After running a variety of different open source audio collections through this process, the researchers ended up with a heavily annotated dataset of 20 million separate samples representing at least 50,000 hours of audio. From there, a set of 32 Nvidia tensor cores was used to create a model with 2.5 billion parameters that started to show reliable scores on a variety of audio quality tests.
It’s all in the mix
Beyond the training, Nvidia is also talking up Fugatto’s “ComposableART” system (for “Audio Representation Transformation”). When provided with a prompt in text and/or audio, this system can use “conditional guidance” to “independently control and generate (unseen) combinations of instructions and tasks” and generate “highly customizable audio outputs outside the training distribution.” In other words, it can combine different traits from its training set to create entirely new sounds that have never been heard before.
I won’t pretend to understand all of the complex math described in the paper—which involves a “weighted combination of vector fields between instructions, frame indices and models.” But the end results, as shown in examples on the project’s webpage and in an Nvidia trailer, highlight how ComposableART can be used to create the sound of, say, a violin that “sounds like a laughing baby or a banjo that’s playing in front of gentle rainfall” or “factory machinery that screams in metallic agony.” While some of these examples are more convincing to our ears than others, the fact that Fugatto can take a decent stab at these kinds of combinations at all is a testament to the way the model characterizes and mixes extremely disparate audio data from multiple different open source data sets.
Perhaps the most interesting part of Fugatto is the way it treats each individual audio trait as a tunable continuum, rather than a binary. For an example that melds the sound of an acoustic guitar and running water, for instance, the result ends up very different when either the guitar or the water is weighted more heavily in Fugatto’s interpolated mix. Nvidia also mentions examples of tuning a French accent to be heavier or lighter, or varying the “degree of sorrow” inherent in a spoken clip.

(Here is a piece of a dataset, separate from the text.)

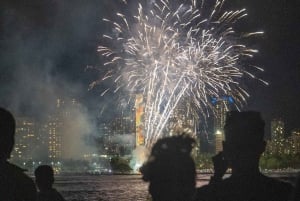 Waikiki: Passeio de catamarã com fogos de artifício na sexta à noite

Beyond tuning and combining different audio traits, Fugatto can also perform the kinds of audio tasks we’ve seen in previous models, like changing the emotion in a piece of spoken text or isolating the vocal track in a piece of music. Fugatto can also detect individual notes in a piece of MIDI music and replace them with a variety of vocal performances, or detect the beat of a piece of music and add effects from drums to barking dogs to ticking clocks in a way that matches the rhythm.
While the researchers describe Fugatto as just the first step “towards a future where unsupervised multitask learning emerges from data and model scale,” Nvidia is already talking up use cases from song prototyping to dynamically changing video game scores to international ad targeting. But Nvidia was also quick to highlight that models like Fugatto are best seen as a new tool for audio artists rather than a replacement for their creative talents.
“The history of music is also a history of technology,” Nvidia Inception participant and producer/songwriter Ido Zmishlany said in Nvidia’s blog post. “The electric guitar gave the world rock and roll. When the sampler showed up, hip-hop was born. With AI, we’re writing the next chapter of music. We have a new instrument, a new tool for making music—and that’s super exciting.”